Predictive values for inpatient death were determined using the area under
receiver operating characteristic curves. Participants were children aged
12 to 59 months admitted to a district hospital in rural Kenya between April
1, 1999, and July 31, 2002.
Main Outcome Measure MUAC, WHZ, and visible severe wasting as predictors of inpatient death.

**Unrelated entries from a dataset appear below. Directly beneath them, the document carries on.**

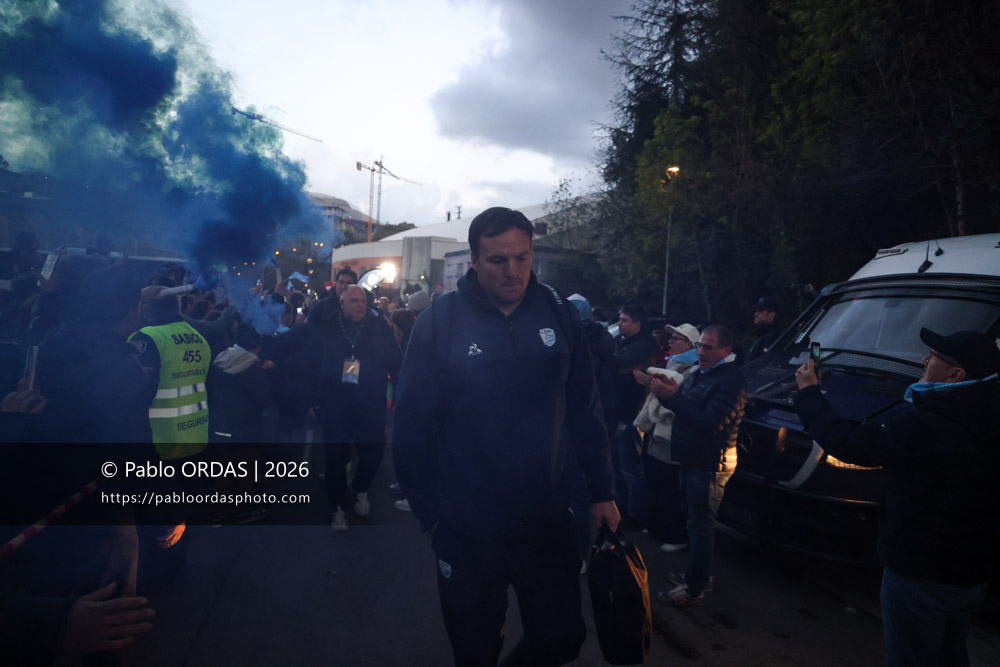 Arthur Iturria, lors du match de Top 14 entre l'Aviron bayonnais et le Stade rochelais, le 28 mars 2026 au stade Anoeta de Saint-Sébastien, Espagne (Photo Pablo ORDAS)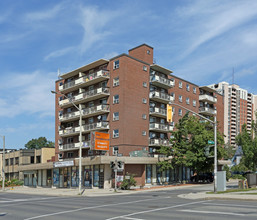 Main Street Apartments in Hamilton, ON - Building Photo - Building Photo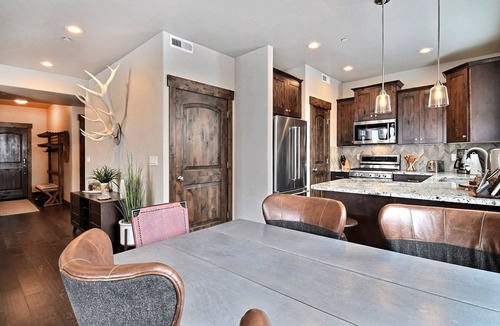 Park City Condo | Amazing 3BR w/New Furnishings & Hot Tub! Mins. Away from Deer Valley/Park City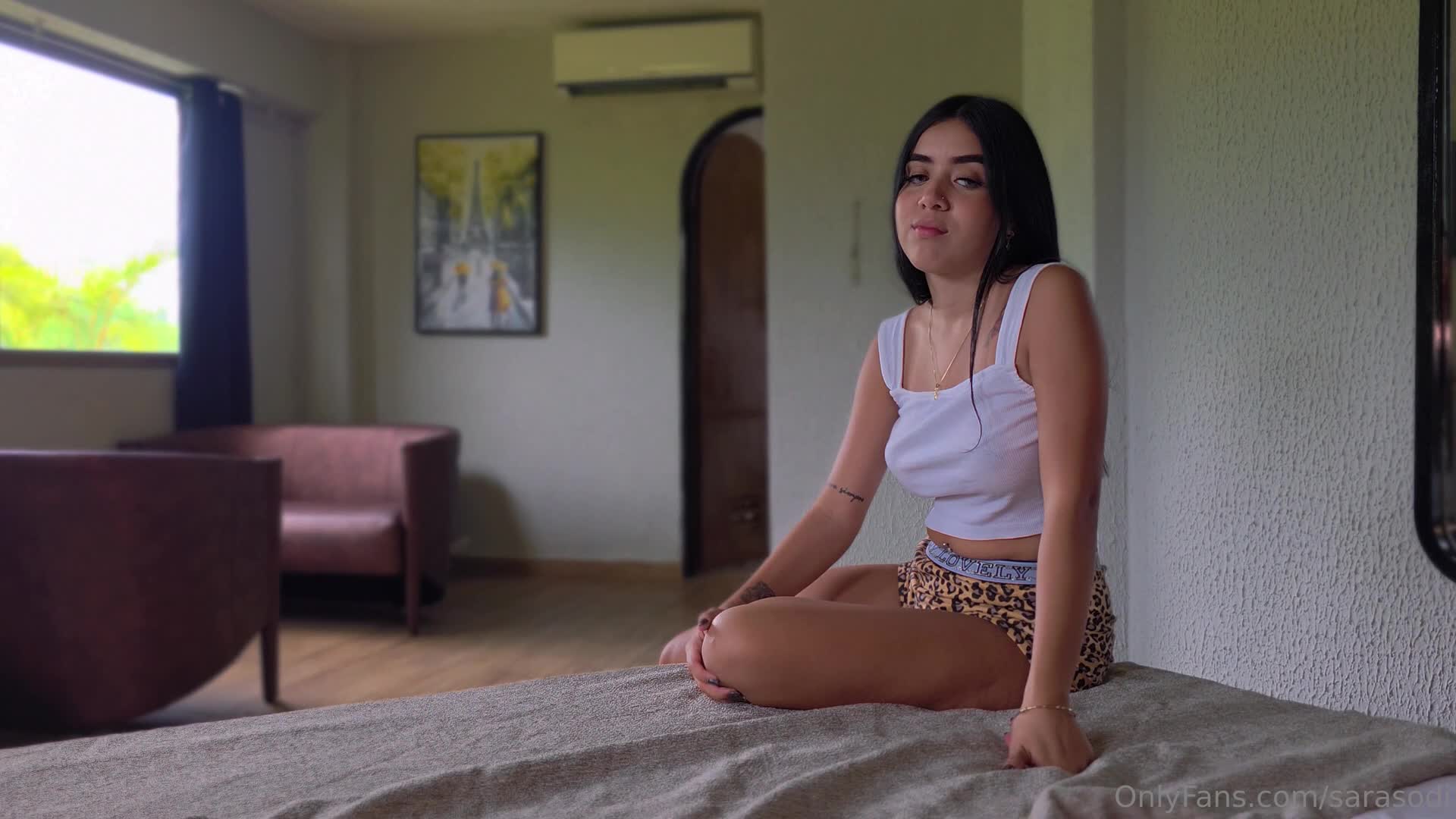 Sarasodi - My best friend cheats on her boyfriend for $2,500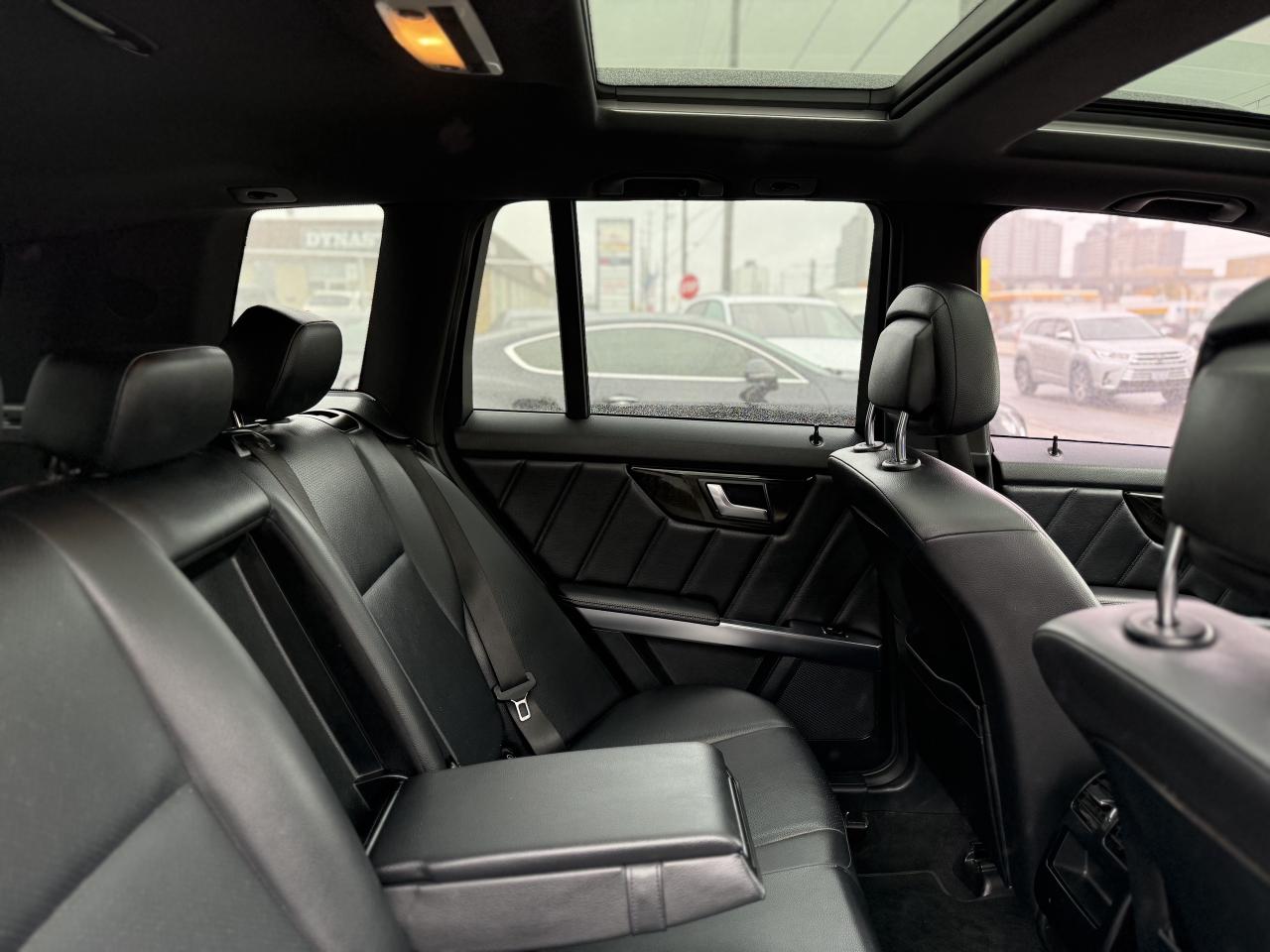 2015 Mercedes-Benz GLK-Class 250 //AMG SPORT PKG | 360 CAM | UPGRADED | CARPLAY Photo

Results Overall, 4.4% (359) of children included in the study died while in
the hospital. Sixteen percent (1282/8190) of admitted children had severe
wasting (WHZ ≤−3) (n = 756), kwashiorkor (n = 778),
or both. The areas under the receiver operating characteristic curves for
predicting inpatient death did not significantly differ (MUAC: 0.75 [95% confidence
interval, 0.72-0.78]; WHZ: 0.74 [95% confidence interval, 0.71-0.77]) (P = .39). Although sensitivity and specificity
for subsequent inpatient death were 46% and 91%, respectively, for MUAC less
than or equal to 11.5 cm, 42% and 92% for WHZ less than or equal to −3,
and 47% and 93% for visible severe wasting, the 3 indices identified different
sets of children and were independently associated with mortality. Clinical
features of malnutrition were significantly more common among children with
MUAC less than or equal to 11.5 cm than among those with WHZ less than or
equal to −3.
Conclusions MUAC is a practical screening tool that performs at least as well as
WHZ in predicting subsequent inpatient mortality among severely malnourished
children hospitalized in rural Kenya. Visible severe wasting is also a potentially
useful sign at this level, providing appropriate training has been given.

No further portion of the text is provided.